# [What needs to be done]
The data below holds the lines to copy: everything from the line containing "Patch in rainwear con paperi ricamati." to the line containing "Fabbricato in Turchia..", both ends included, set down exactly.

START Dataset

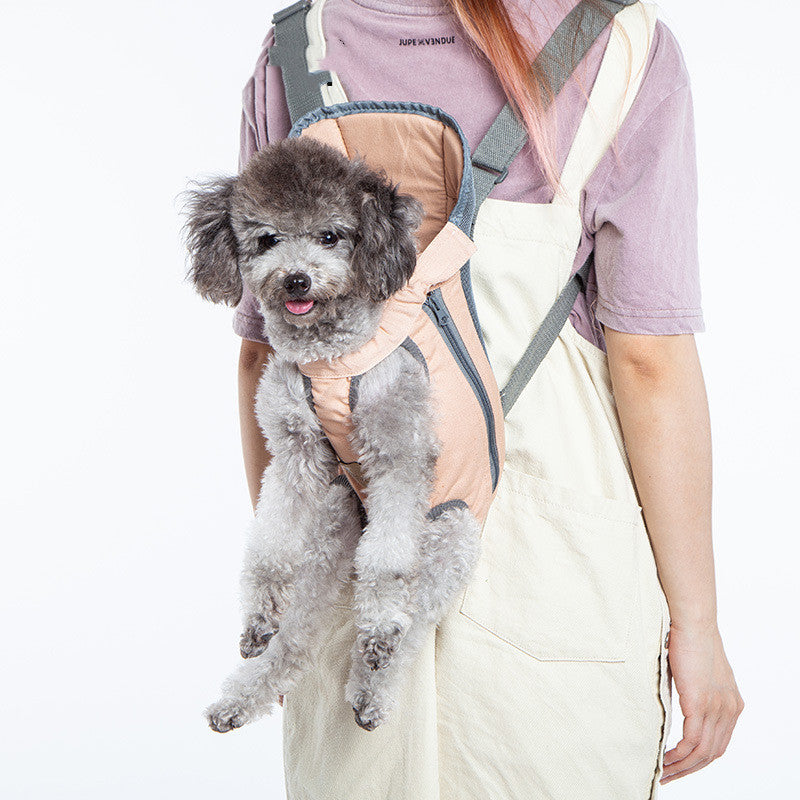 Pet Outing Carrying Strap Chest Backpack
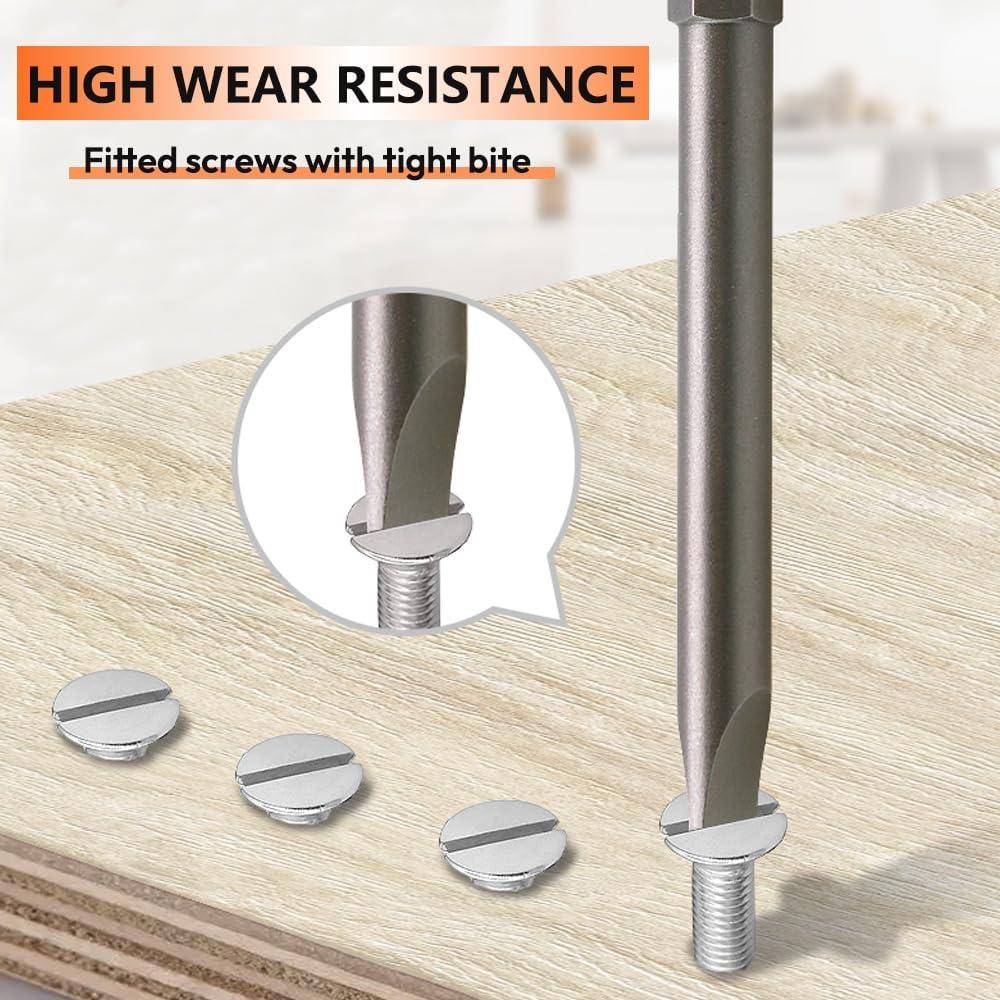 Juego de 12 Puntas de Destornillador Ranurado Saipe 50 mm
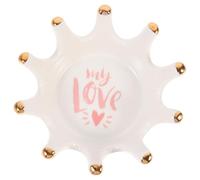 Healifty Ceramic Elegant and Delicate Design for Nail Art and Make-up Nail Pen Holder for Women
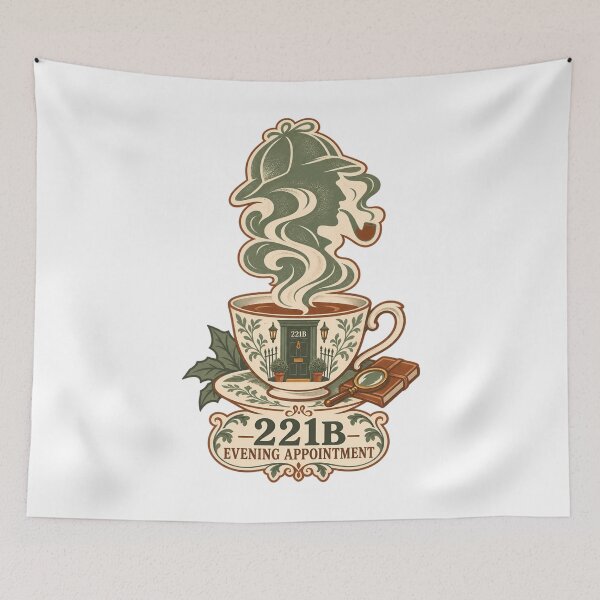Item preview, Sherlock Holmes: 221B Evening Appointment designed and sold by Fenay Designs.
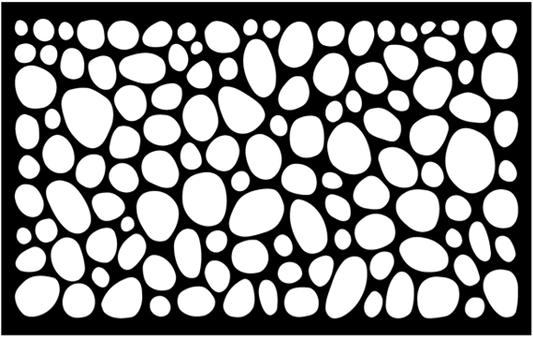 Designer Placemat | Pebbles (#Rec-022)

END Dataset
START Dataset

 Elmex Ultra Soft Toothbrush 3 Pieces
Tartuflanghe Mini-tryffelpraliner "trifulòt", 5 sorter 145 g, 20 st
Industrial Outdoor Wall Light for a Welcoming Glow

END Dataset
START Dataset

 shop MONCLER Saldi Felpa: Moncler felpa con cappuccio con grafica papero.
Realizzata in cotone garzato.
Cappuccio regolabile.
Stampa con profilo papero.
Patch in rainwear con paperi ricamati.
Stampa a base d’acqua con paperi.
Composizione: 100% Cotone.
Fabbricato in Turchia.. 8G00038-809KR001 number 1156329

END Dataset

# [Task response]
Patch in rainwear con paperi ricamati.
Stampa a base d’acqua con paperi.
Composizione: 100% Cotone.
Fabbricato in Turchia.. 8G00038-809KR001 number 1156329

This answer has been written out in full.